The above has some important implications.  The imposition of the oil embargo, for example, was an important aspect of NATO's war, blocking the government's attempts to raise revenues.  It meant that the opposition leadership could gain recognition, trading rights and permission to sell oil and thus survive as a viable material force calling itself a government - provided it satisfied its US and EU sponsors.  So when Achcar asserted that NATO was deliberately drawing out the war and frustrating the rebels' chances of success, in order to give them time to bring the transitional council fully under control, he was arguably in denial about the extent to which the opposition was already fully under control.  (In fact, the NATO strategy stands completely vindicated on military grounds alone.  The targeted bombing, preventing the concentration of Qadhafi's forces and encouraging the fragmentation of the regime, ensured the opposition's ultimate success at minimal outlay and no real risk to NATO forces).  If further evidence that Achcar is in denial on this score is needed, consider that he continued to depict the opposition leadership as "a mix of political and intellectual democratic and human rights dissidents", long after this had become a completely unrealistic and unworldly representation ignoring the multitude of former regime elements, businessmen, military figures, and people like Khalifa Hifter, who have no earthly business being called "human rights dissidents".  It is they, people like General Abdallah Fatah Younes and Ibraham Dabbashi, who were the earliest and most vociferous advocates of an alliance with NATO.  It is those elements whose hand was strengthened by NATO's intervention. 
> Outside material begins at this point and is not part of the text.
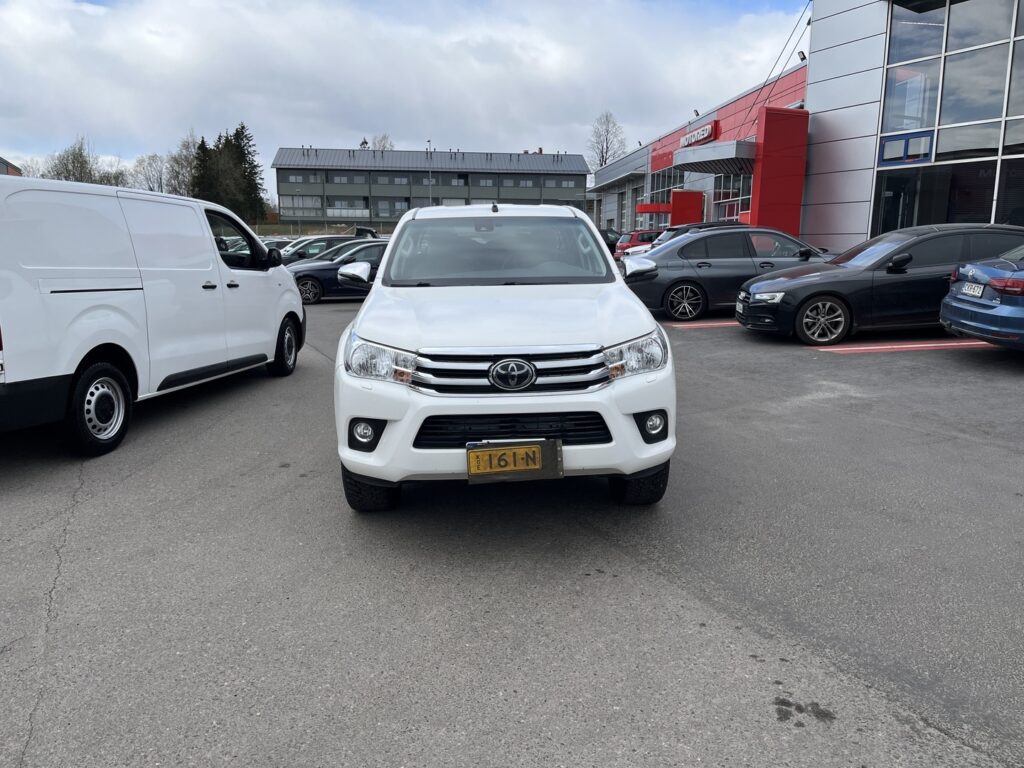 Toyota - Hilux - Extra Cab 2,4 D-4D 150 4WD Active Toyota - Hilux - Extra Cab 2,4 D-4D 150 4WD Active - Avolava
The biggest problem, though, is that his analysis of US strategy is far too reductionist, taking no account of the serious strategic cleavages evident at the top of the Washington foreign policy establishment.  Some of the realists expressed a fear of being dragged into yet another Middle East 'quagmire'.  Others were convinced that if Qadhafi was overthrown by a popular revolt, there would be a vacuum of authority in which jihadis would thrive.  But the strongest supporters of intervention were 'humanitarian interventionists', whose case was similar to that of the liberal hawk, Anne-Marie Slaughter (who I believe has been an advisor of Obama on foreign policy).  To wit, there's an expanding young and educated population in the Middle East, which has been deprived of political channels and economic opportunity, and which will therefore be a major problem for the US unless American power seems to champion their interests.  The US, it is thus argued, must respond to this revolutionary wave by siding with reform and not just the old guard dictatorships.  Leave aside the empirical basis of this analysis - it is sufficient to note that it is taken seriously by influential sectors of the US foreign policy elite.  As such, the intervention can be seen less as a war for oil than an attempt to cohere a response to a revolution that threatened US control, limited enough to minimise the worries of realists and defence establishment figures like Robert Gates and Carter Ham while giving the US a chance to rebuild its 'humanitarian' credit.
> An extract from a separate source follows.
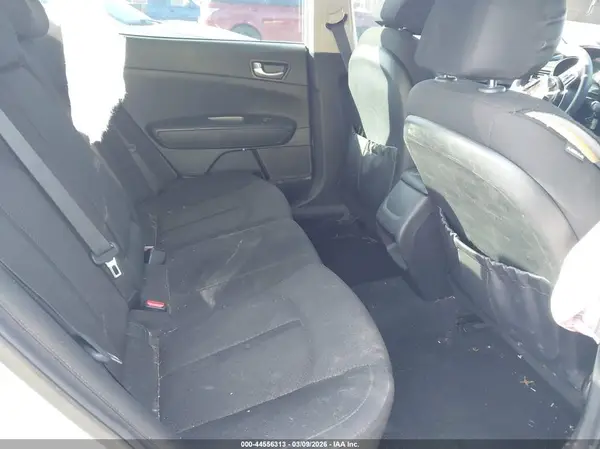 5XXGT4L35HG123595 2017 KIA OPTIMA - Image 8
This is what the indecent left opposed: not the staving off of a hypothetical massacre, but the predictable, successful hijacking of a popular revolt by imperialist powers in alliance with the relatively conservative elites dominant in the transitional council.  By moralising about the decency or otherwise of anti-imperialist arguments, and pinning so much of his argument on the invocation of humanitarian emergency, Achcar obscures the politics of intervention.  The question at stake was and is: should the population of Libya rule Libya?  Since intervention ensured that the answer would be "no", it was correct to oppose it.